Henbury High School was a comprehensive school for girls and boys aged 11 – 18 in Macclesfield, Cheshire, England, established in 1958. Henbury High closed in July 2007 and re-opened as Macclesfield High School in a new location. It had approximately 1000 pupils, and 100 members of staff. Before it became Henbury High School it was known as Broken Cross Secondary Modern School, but changed its name in 1979. It was a successful foundation school, with twin specialisms.

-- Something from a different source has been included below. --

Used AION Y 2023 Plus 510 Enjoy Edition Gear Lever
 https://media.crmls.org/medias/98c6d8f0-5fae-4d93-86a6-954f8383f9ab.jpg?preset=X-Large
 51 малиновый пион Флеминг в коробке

In 1998, it was designated as a specialist technology college. In 2004, as a result of being identified as a high-performing secondary school by the DfES, the school was invited to apply for a second specialism in art and English.

== Chronology ==
=== Early '90s - Late '90s ===
In 1993, the Governors opted out of the local authority and the school became "grant maintained". New capital investment was made with the building of the extension to the technology block. In 1997, part of the Henbury playing fields were sold to private developers, to generate income to improve the sports facilities. A new all-weather pitch was opened in 1999.

=== The late '90s - 2007 ===
In September 2004, Henbury welcomed almost all of the students from the closing Ryles Park High School, Macclesfield. This expansion led to the construction of 12 new temporary classrooms and a large purpose built temporary sports hall.

=== Moved and renamed ===
In September 2007, Henbury moved from its present site into a newly built school on the new £38 million development known as the Macclesfield Learning Zone about two miles away. Since the school was some distance from Henbury parish, it adopted the new name of Macclesfield High School. The old Henbury site became Jasmine Park, a new housing development site with amenities such as open park areas, leisure play areas and three new football fields as well as being home to new apartments and houses.

== Uniform ==
The uniform was navy blue in colour: pupils had to wear a skirt or trousers in black, as well as a pale blue shirt, blue and white tie and a navy blue sweater, which was replaced by a pale blue polo shirt with the school logo. Since becoming Macclesfield High School the uniform has changed to: black skirt or trousers, blue blazer, blue and gold tie, white shirt, white socks or black/natural tights for girls, and grey/black socks for boys, black school shoes for all pupils.